TASK GOAL> Each line from the one containing "Vans Ward Colorblock Old Skool Sneakers" to the last line of the listing below is to be duplicated exactly, and no picture is to be carried over.

PROVIDED DATA>
★ ★ ★ ★ ★ ★ ★

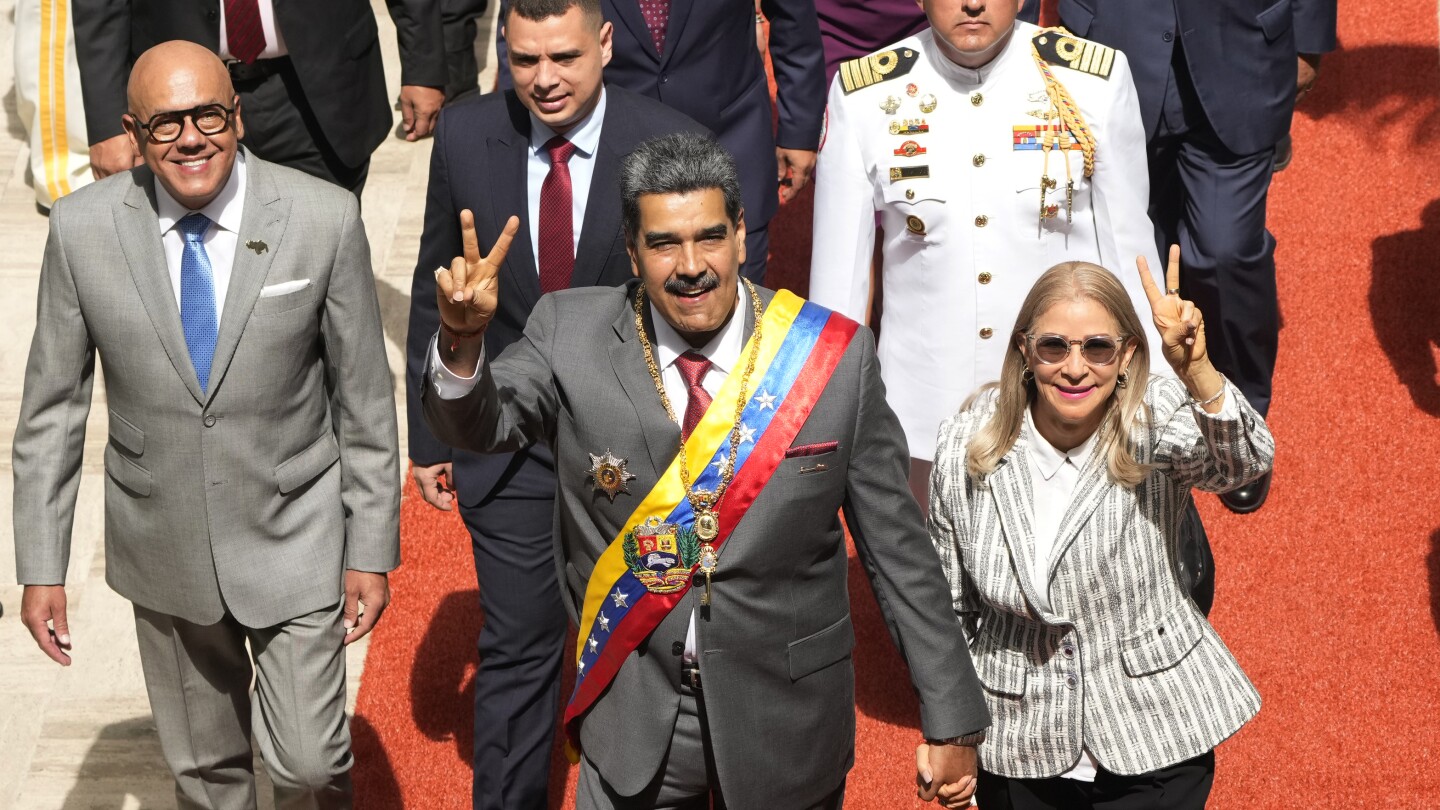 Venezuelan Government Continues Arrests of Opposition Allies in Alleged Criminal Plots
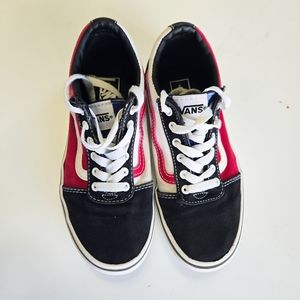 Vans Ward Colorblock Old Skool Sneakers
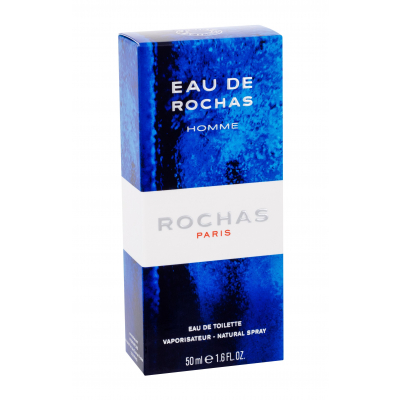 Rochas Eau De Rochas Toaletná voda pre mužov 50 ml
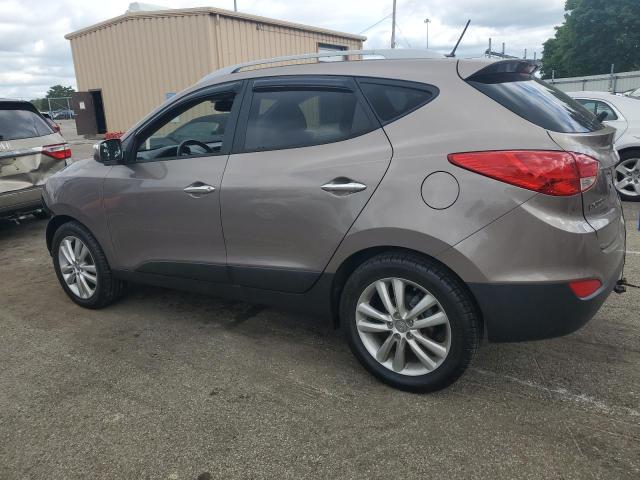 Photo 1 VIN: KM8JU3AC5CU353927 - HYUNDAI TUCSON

★ ★ ★ ★ ★ ★ ★

PROBLEM SOLUTION>
 Vans Ward Colorblock Old Skool Sneakers
 Rochas Eau De Rochas Toaletná voda pre mužov 50 ml
 Photo 1 VIN: KM8JU3AC5CU353927 - HYUNDAI TUCSON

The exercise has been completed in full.